Your task: Retype, word for word, only the lines from the one containing "Chesterfield Chair Cover" through the last line of the listing below. Pictures do not belong in the result.

Dataset entries:
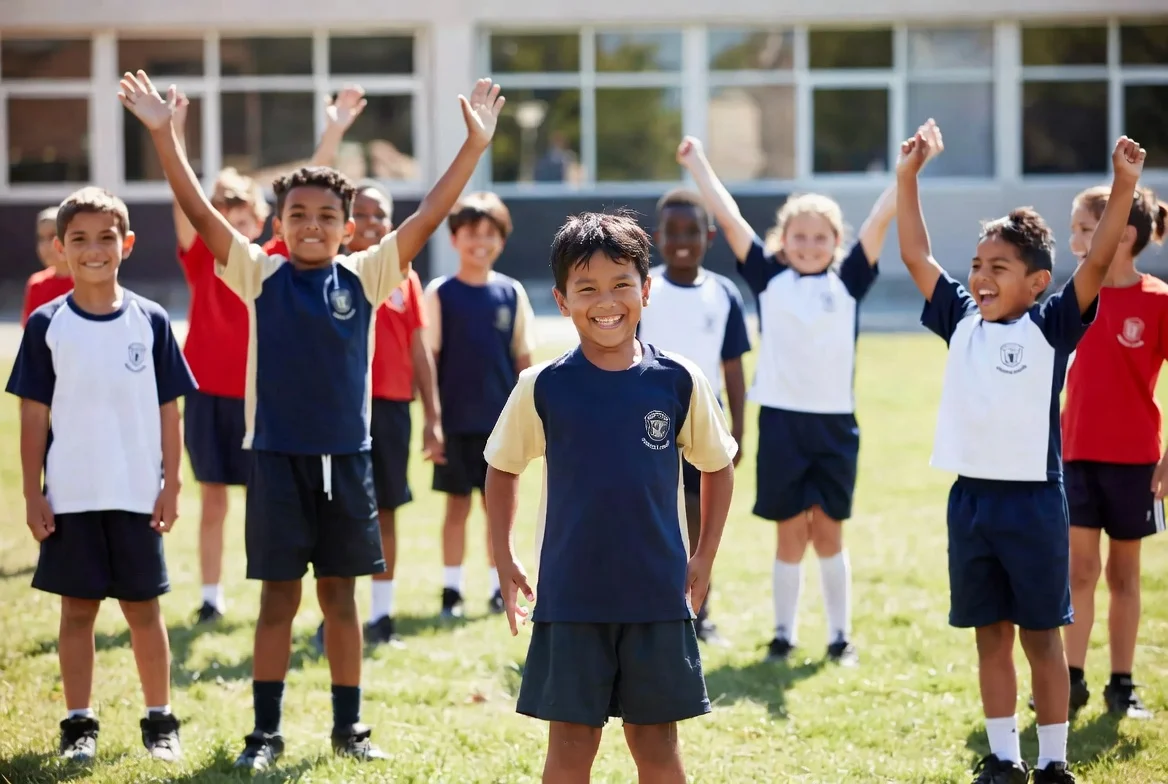 Elementary school athletic PE kit — pique polo and double-knee pants uniform program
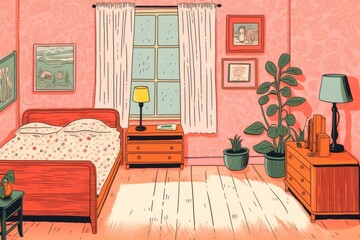 Room furniture bedroom cartoon.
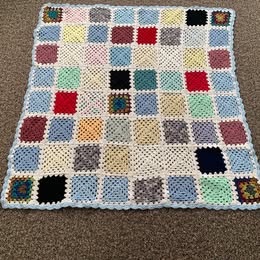 New Hand Crochet Granny Square Blanket, Baby Gift, Christmas, Lap Blanket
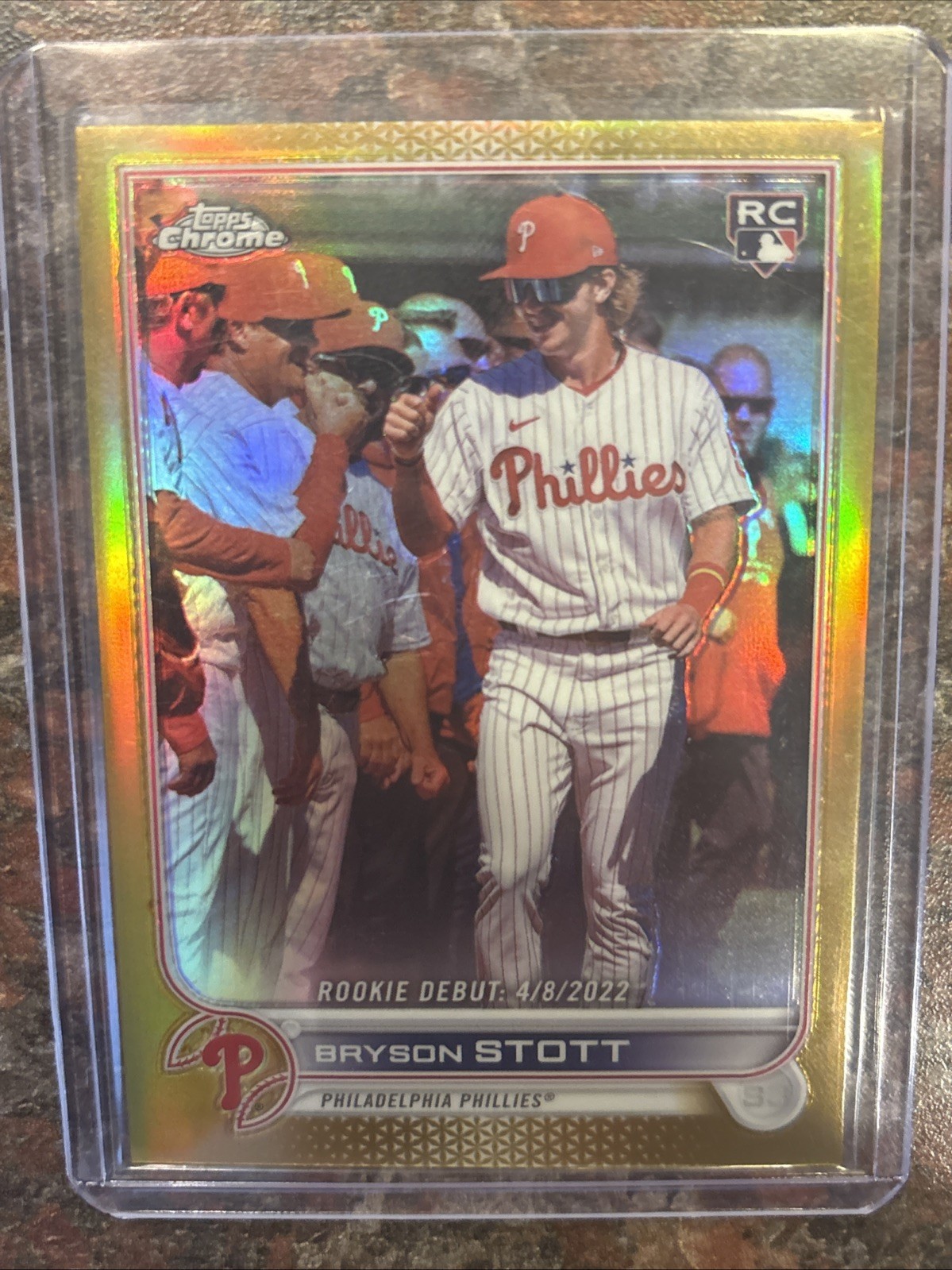 2022 Topps Chrome Update Series - Bryson Stott #USC154 Gold Refractor 02/50 (RC)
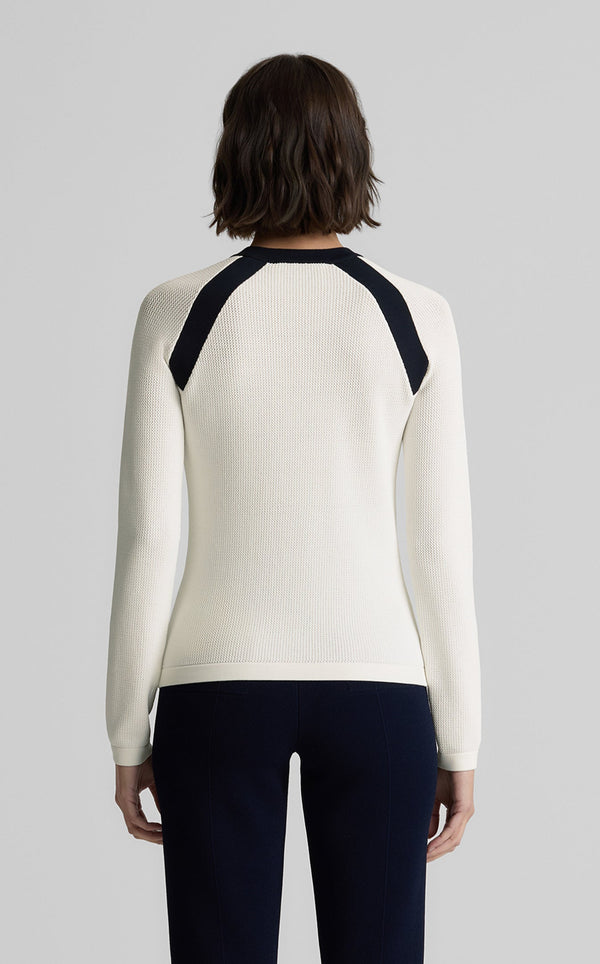 St. John Sheryl Sweater In St. John X Malbon Contrast Knit WHMD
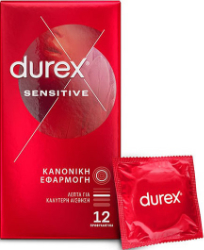 Durex Sensitive Condoms Προφυλακτικά Λεπτά με Κανονική Εφαρμογή 12τμχ 33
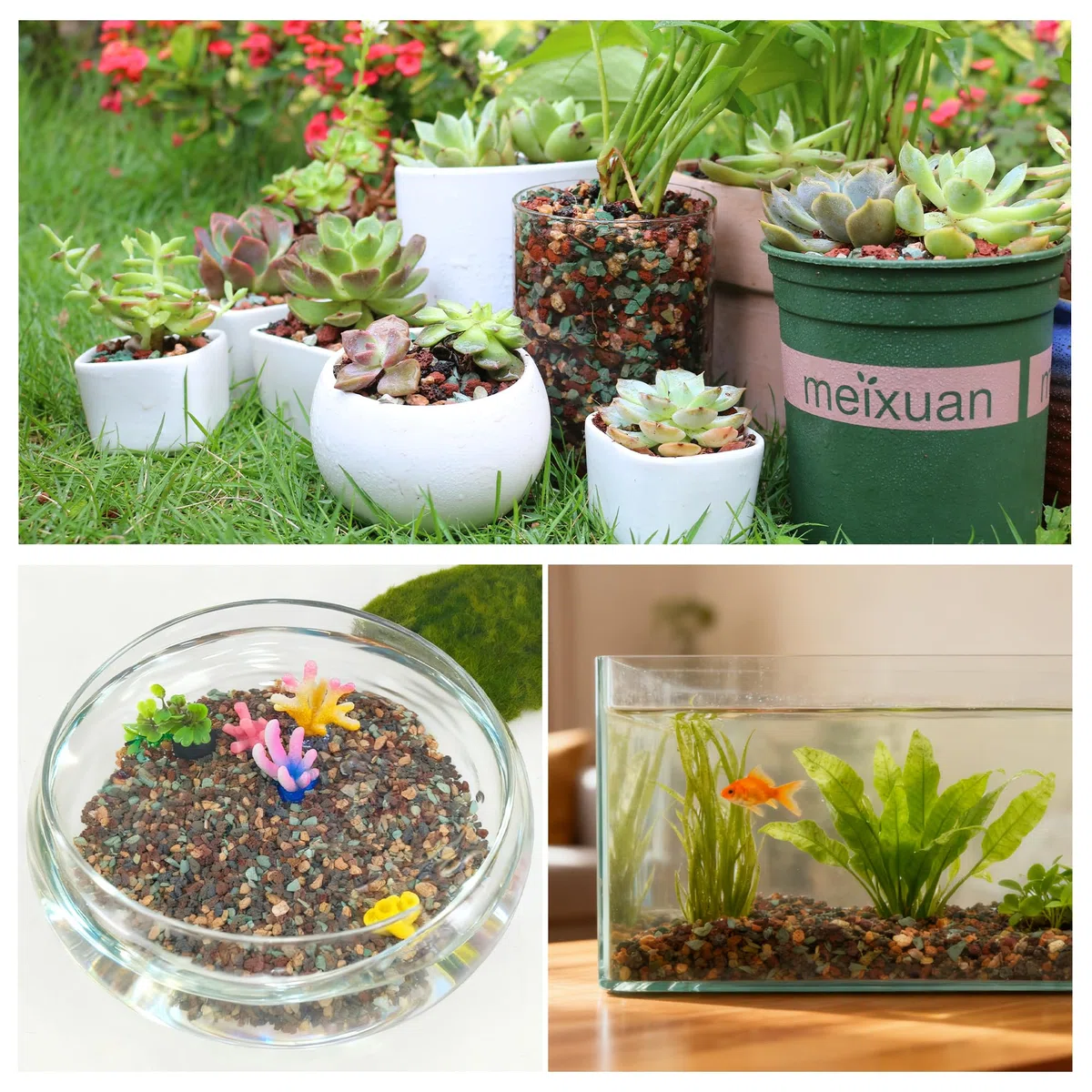 Miscela di Sassi Vulcanici 1.4 kg (3 lb) - Pietre per Piante in Vaso 4 in 1 (Lava Rossa, Lava Nera, Zeolite Verde, Maifan) 3-6mm - Sassolini Decorativi per Vasi, Orchidee, Bonsai, Giardino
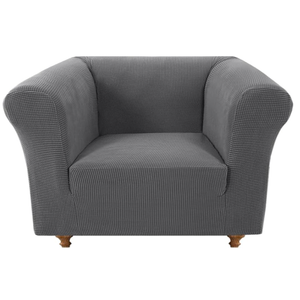 Chesterfield Chair Cover Stretch Slipcover, Elastic 1 Seater Sofa Cover for Rolled Arm Club Chair, Soft Washable Furniture Protector with Full Coverage (Grey, Armchair)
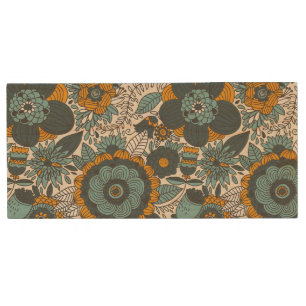 Vintage floral pattern wood flash drive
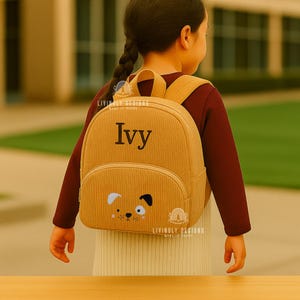 Personalized Kids Backpack: Embroidered Name, Animal Design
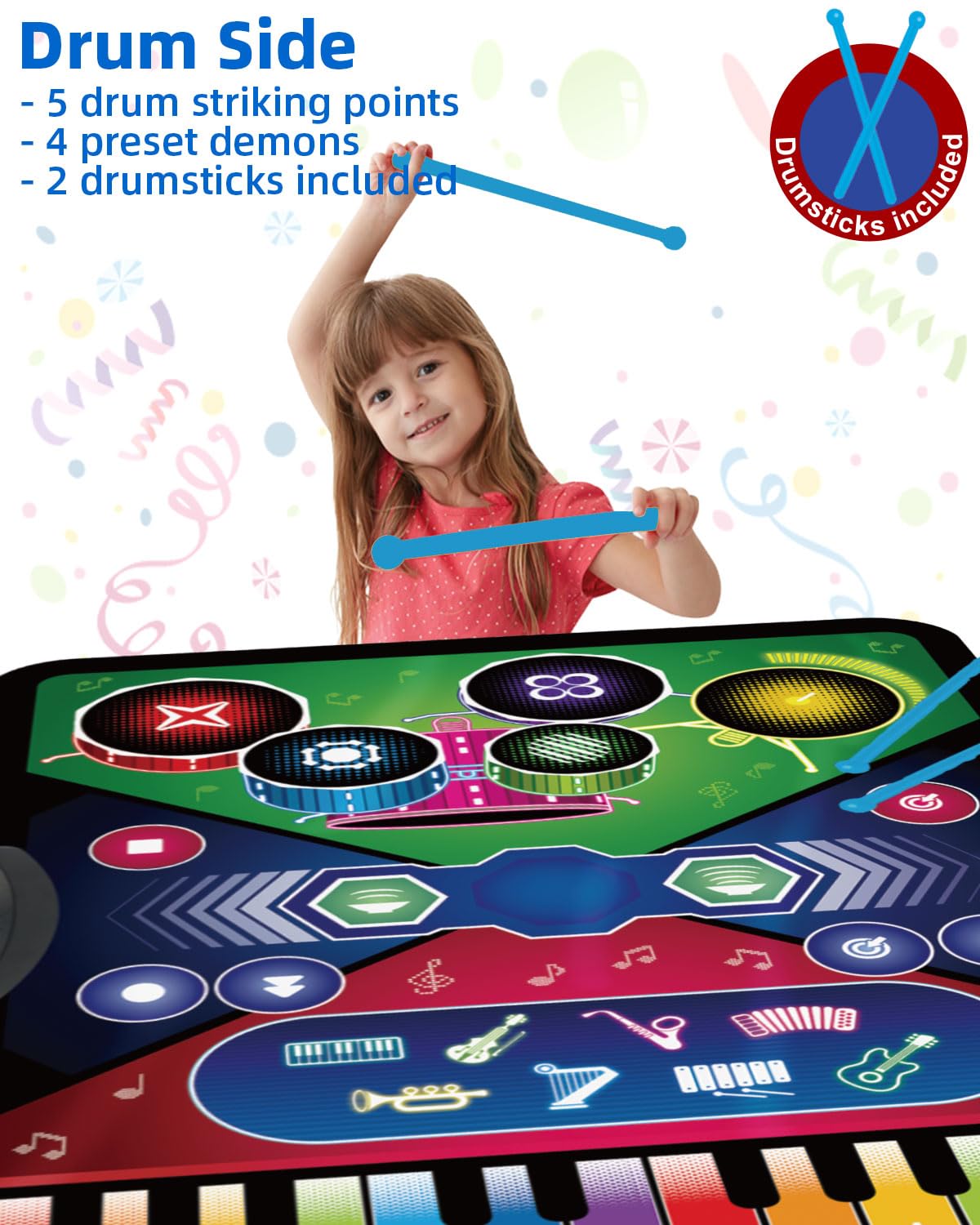 Foto 4 pulgar | Batería 2 En 1 Music Jam Mat Sunlin Y Piano De 3 A 6 Años - Venta Internacional.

Answer for the task:
 Chesterfield Chair Cover Stretch Slipcover, Elastic 1 Seater Sofa Cover for Rolled Arm Club Chair, Soft Washable Furniture Protector with Full Coverage (Grey, Armchair)
 Vintage floral pattern wood flash drive
 Personalized Kids Backpack: Embroidered Name, Animal Design
 Foto 4 pulgar | Batería 2 En 1 Music Jam Mat Sunlin Y Piano De 3 A 6 Años - Venta Internacional.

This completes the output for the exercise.